As well as with the initial Elastic’s test we see that the server is not fully utilized (80% in this case comparing to Elastic’s 25%). Let’s increase the concurrency from 1 to 2 to load the server better:
$ for batchSize in 1 4 5 6 10 20 50 100 200 300; do ./test.php --plugin=pq_twitter.php --data=/home/snikolaev/twitter/text -b=$batchSize -c=2 --limit=10000 --csv; done;
concurrency;batch size;total time;throughput;elements count;latencies count;avg latency, ms;median latency, ms;95p latency, ms;99p latency, ms
2;1;44.715;223;10000;10000;8.445;8.017;12.682;15.386
2;4;11.852;843;10000;10000;8.906;8.493;13.411;16.085
2;5;9.468;1056;10000;10000;9.001;8.566;13.476;16.284
2;6;8.004;1249;10000;10000;9.073;8.626;13.647;15.848
2;10;4.931;2028;10000;10000;9.202;8.799;13.525;15.622
2;20;2.803;3567;10000;10000;9.924;9.352;15.322;18.252
2;50;1.352;7395;10000;10000;12.28;11.946;18.048;27.884
2;100;0.938;10659;10000;10000;17.098;16.832;22.914;26.719
2;200;0.76;13157;10000;10000;27.474;27.239;35.103;36.61
2;300;0.882;11337;10000;10000;47.747;47.611;63.327;70.952
This increased the throughput for batch size 200 from 10K to 13157 docs per second, the latency increased too though.

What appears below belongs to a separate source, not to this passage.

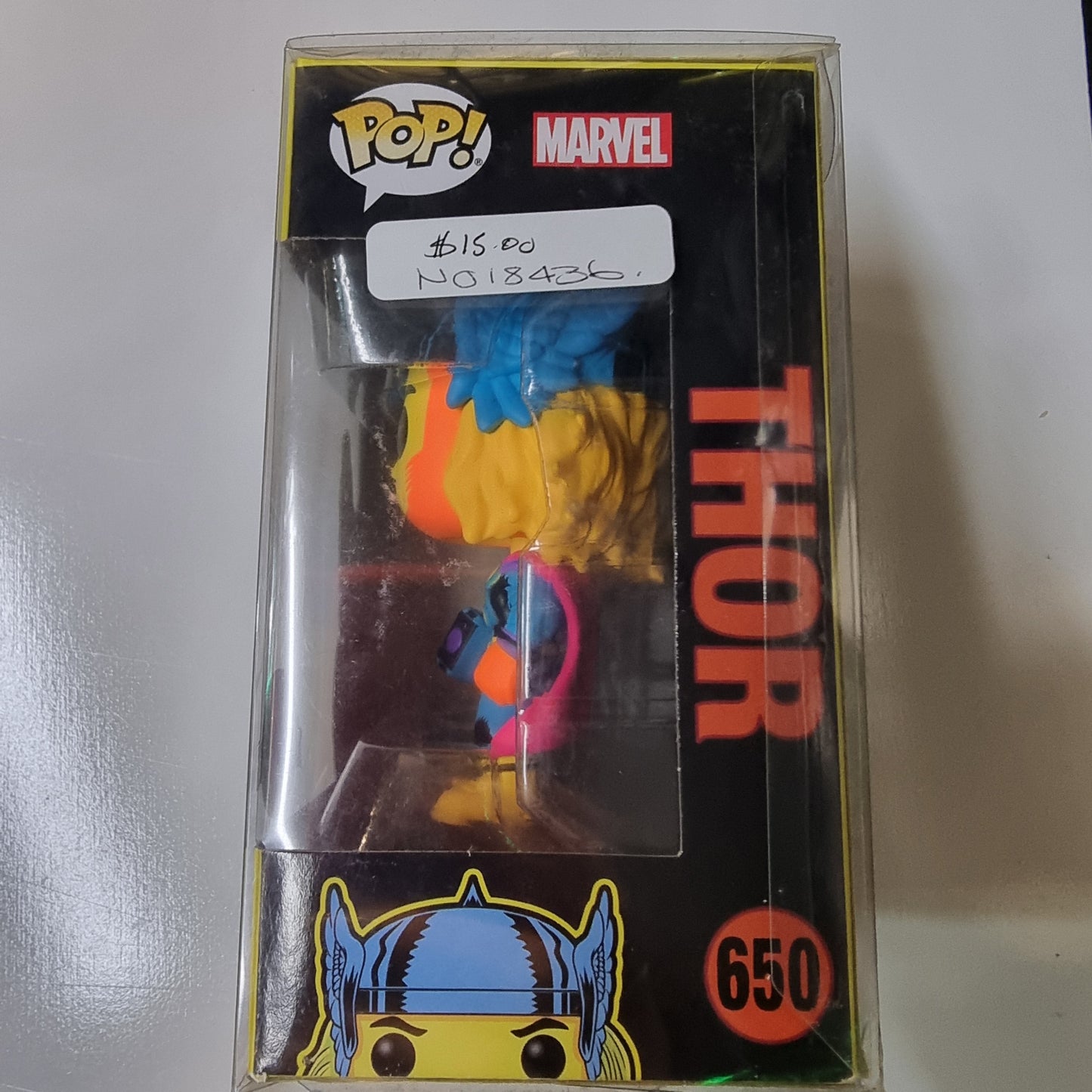 FUNKO POP MARVEL THOR SPECIAL EDITION #650 Captain Comics and Collectables Pty Ltd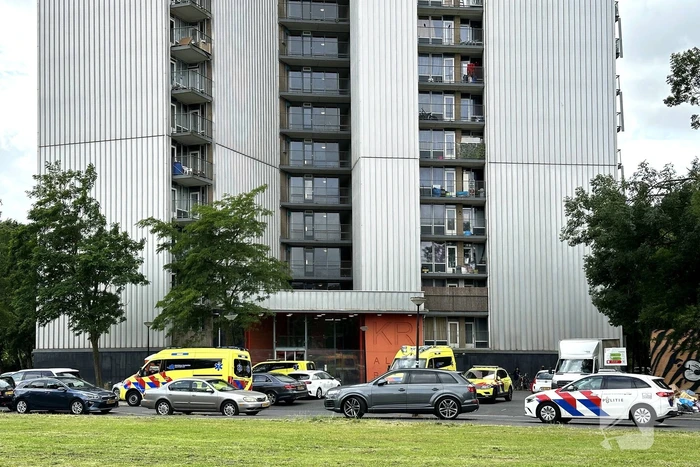 Hulpdiensten ingezet voor persoon met verward gedrag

Let’s stick with this batch size and concurrency and run an extended test with 100K documents:
$ ./test.php --plugin=pq_twitter.php --data=/home/snikolaev/twitter/text -b=200 -c=2 --limit=100000
Time elapsed: 0 sec, throughput (curr / from start): 0 / 0 rps, 0 children running, 100000 elements left
Time elapsed: 1.001 sec, throughput (curr / from start): 12587 / 12586 rps, 2 children running, 87000 elements left
Time elapsed: 2.002 sec, throughput (curr / from start): 12990 / 12787 rps, 2 children running, 73800 elements left
Time elapsed: 3.002 sec, throughput (curr / from start): 13397 / 12991 rps, 2 children running, 60600 elements left
Time elapsed: 4.003 sec, throughput (curr / from start): 12992 / 12991 rps, 2 children running, 47600 elements left
Time elapsed: 5.004 sec, throughput (curr / from start): 12984 / 12989 rps, 2 children running, 34600 elements left
Time elapsed: 6.005 sec, throughput (curr / from start): 12787 / 12956 rps, 2 children running, 21800 elements left
Time elapsed: 7.005 sec, throughput (curr / from start): 12999 / 12962 rps, 2 children running, 8800 elements left
FINISHED. Total time: 7.722 sec, throughput: 12949 rps
Latency stats:
count: 100000 latencies analyzed
avg: 28.631 ms
median: 28.111 ms
95p: 37.679 ms
99p: 44.615 ms
Plugin's output:
Total matches: 518874
Count: 100000
We can see that:
- Total matches doesn’t differ much (519K vs 510K in Elastic) which means we compare things properly, the slight difference is probably caused by minor difference in text tokenization
- The throughput is 12949 documents per second
- The average latency is ~29ms
The following 2 charts show comparison between Elasticsearch and Manticore Search at max throughput.
Median (50th percentile) latency is few milliseconds better in Elasticsearch, avg is a little bit better in Manticore Search. 95p and 99p latency differ a lot: Elasticsearch wins here.
But when it comes to the throughput Manticore Search outperforms Elasticsearch by more than 8 times.
Conclusions
- If you need to process thousands of documents per second and can afford tens of milliseconds latency (namely 32ms) Manticore Search can provide much higher throughput: ~13K rps vs 1463 rps with Elastic
- If your goal is extremely low and stable latency (few ms) and you don’t have lots of documents or can afford distributing your load among many servers (e.g. 8 Elasticsearch servers instead of 1 running Manticore Search) to provide the desired latency Elasticsearch can provide as low as 3.27ms latency at throughput of 288 docs per second. Manticore Search can only give 5.2ms at 188 rps or 29ms at 13K rps.